4,19,0092_0170_0301_0355,ARGTNVTRECCLEYFKGAIPLRKLKTWYQTSEDCSRDAIVFVTVQG...,CL0730,IL8,5WK3_Q_P_A,IGHV5-51,IGHJ4,ARVGPADVWDSFDY,EVQLVQSGAEVKKPGESLKISCKGSGYSFTSYWIGWVRQMPGKGLE...,...,Tubulin-binding,0.437684,-1.0,674.0,False,False,Other,14.008639,6.846615,"[-0.041530925780534744, -0.031332969665527344,..."


# Set up Model

In [3]:
modelf = "ablangpdb_model.safetensors" # Path to model checkpoint
# The AbLangPairedConfig defaults to pull from Hugging Face to dowload AbLang_heavy and AbLang_light
# You could instead specify a local path
model_config = AbLangPairedConfig(checkpoint_filename=modelf)
model = AbLangPaired(model_config, device)



# Embed 1 Antibody

## Tokenize the 1 sequence

In [5]:
# Define an example antibody
data = {
    'HC_AA': ["EVQLVESGGGLVQPGGSLRLSCAASGFNLYYYSIHWVRQAPGKGLEWVASISPYSSSTSYADSVKGRFTISADTSKNTAYLQMNSLRAEDTAVYYCARGRWYRRALDYWGQGTLVTVSS"],
    'LC_AA': ["DIQMTQSPSSLSASVGDRVTITCRASQSVSSAVAWYQQKPGKAPKLLIYSASSLYSGVPSRFSGSRSGTDFTLTISSLQPEDFATYYCQQYPYYSSLITFGQGTKVEIK"]
}
df = pd.DataFrame(data)

# Pre-process sequences by adding spaces between amino acids
df["PREPARED_HC_SEQ"] = df["HC_AA"].apply(lambda x: " ".join(list(x)))
df["PREPARED_LC_SEQ"] = df["LC_AA"].apply(lambda x: " ".join(list(x)))
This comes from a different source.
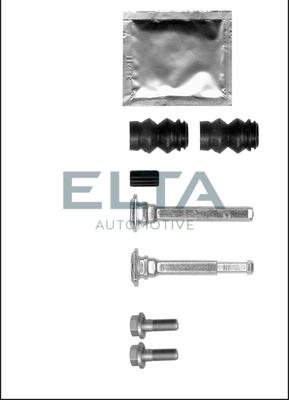 Elta Automotive EA9232 - Комплект направляючої гільзи autozip.com.ua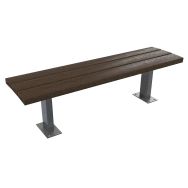 Banquette Bilbao Espace Urbain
heavy_tokenizer = AutoTokenizer.from_pretrained(model_config.heavy_model_id, revision=model_config.heavy_revision)
light_tokenizer = AutoTokenizer.from_pretrained(model_config.light_model_id, revision=model_config.light_revision)
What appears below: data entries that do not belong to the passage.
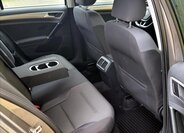 Volkswagen Golf Kombi 1,6 l 81 kw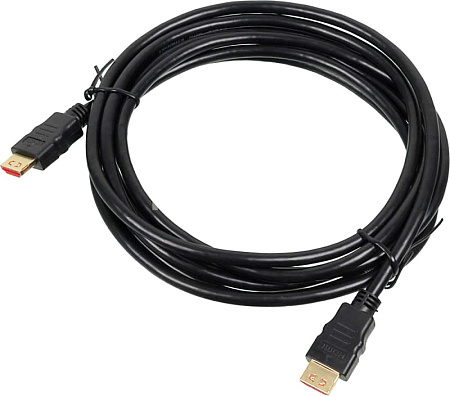 Кабель Buro HDMI (m)/HDMI (m) 3м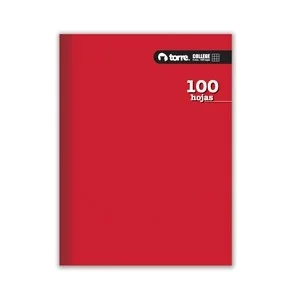 CUADERNO COLLEGE 100HJS 5MM TORRE.LISO COL26241i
h_tokens = heavy_tokenizer(df["PREPARED_HC_SEQ"].tolist(), padding='longest', return_tensors="pt")
l_tokens = light_tokenizer(df["PREPARED_LC_SEQ"].tolist(), padding='longest', return_tensors="pt")



## Embed it

In [7]:
with torch.no_grad():
    embedding = model(
        h_input_ids=h_tokens['input_ids'].to(device),
        h_attention_mask=h_tokens['attention_mask'].to(device),
        l_input_ids=l_tokens['input_ids'].to(device),
        l_attention_mask=l_tokens['attention_mask'].to(device)
    )

correct_embedding = torch.tensor(df_old.loc[0, "EMBEDDING"])

if torch.allclose(correct_embedding.cpu(), embedding[0].cpu(), atol=1e-6):
    print("\n🎉 SUCCESS! Embeddings are identical. The model was loaded correctly.")
else:
    print("\n🚨 FAILURE! Embeddings do not match.")
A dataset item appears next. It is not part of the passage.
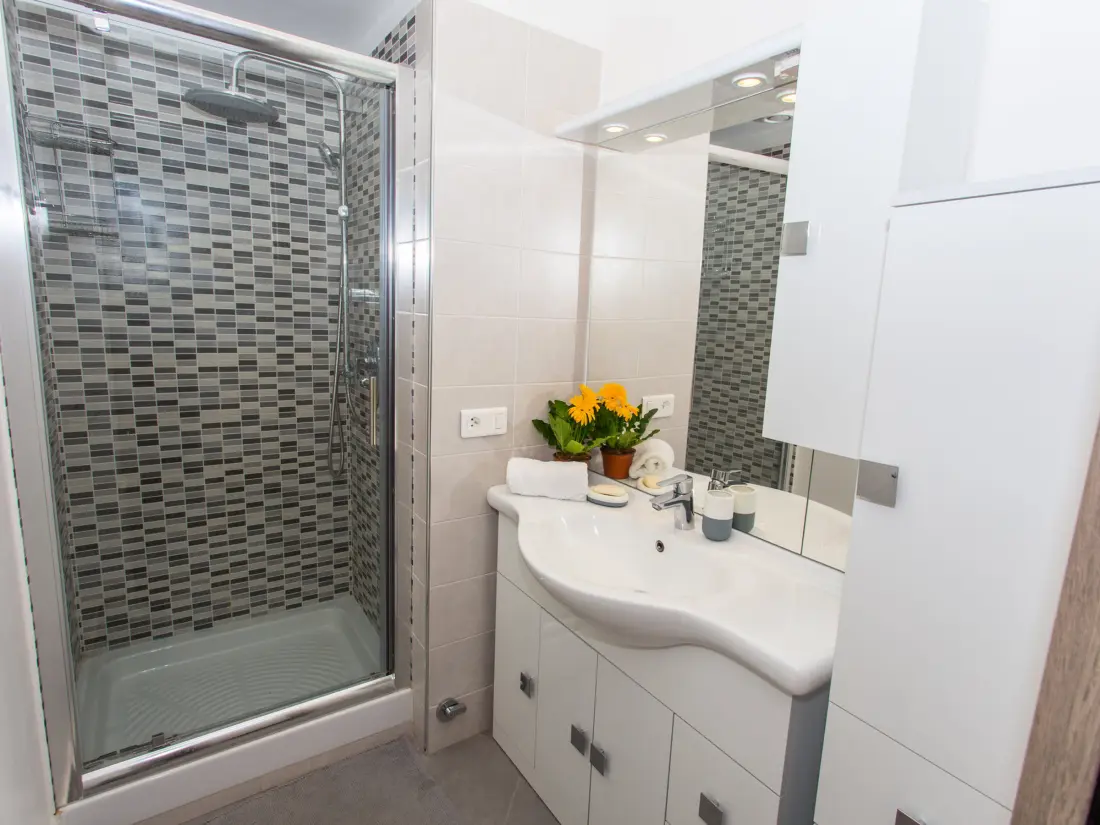 Location de Vacances Menton 132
🎉 SUCCESS! Embeddings are identical. The model was loaded correctly.


# Embed many antibodies

In [5]:
all_old_embeddings = torch.tensor(df_old["EMBEDDING"].to_list())

In [13]:
df = pd.read_pickle("paper_pdb_dataset.pd")
batch_size = 256

# Prepare data for embedding
tokenized_dataset = tokenize_data(df, model_config)

# Create dataloader
dataloader = DataLoader(tokenized_dataset, batch_size=batch_size, shuffle=False)

all_embeds = embed_dataloader(dataloader, model, device)

print("\n🔎 Comparing embeddings...")
# Do same filter as in `tokenize_dataset`
df_old2 = df_old[(df_old["HC_AA"].apply(lambda aa: (len(aa) < 157) & ("*" not in aa))) & 
            (df_old["LC_AA"].apply(lambda aa: (len(aa) < 157) & ("*" not in aa)))]
all_old_embeddings = torch.tensor(df_old2["EMBEDDING"].to_list())


if torch.allclose(all_old_embeddings.cpu(), all_embeds.cpu(), atol=1e-6):
    print("\n🎉 SUCCESS! Embeddings are identical. The model was loaded correctly.")
else:
    print("\n🚨 FAILURE! Embeddings do not match.")



About to encode heavies
That took 0.31325197219848633 seconds
About to encode lights
That took 0.31325197219848633 seconds
About to encode lights
That took 0.21178865432739258 seconds
That took 0.21178865432739258 seconds
Now Embedding Antibodies
Now Embedding Antibodies


100%|██████████| 8/8 [00:26<00:00,  3.26s/it]




🔎 Comparing embeddings...

🎉 SUCCESS! Embeddings are identical. The model was loaded correctly.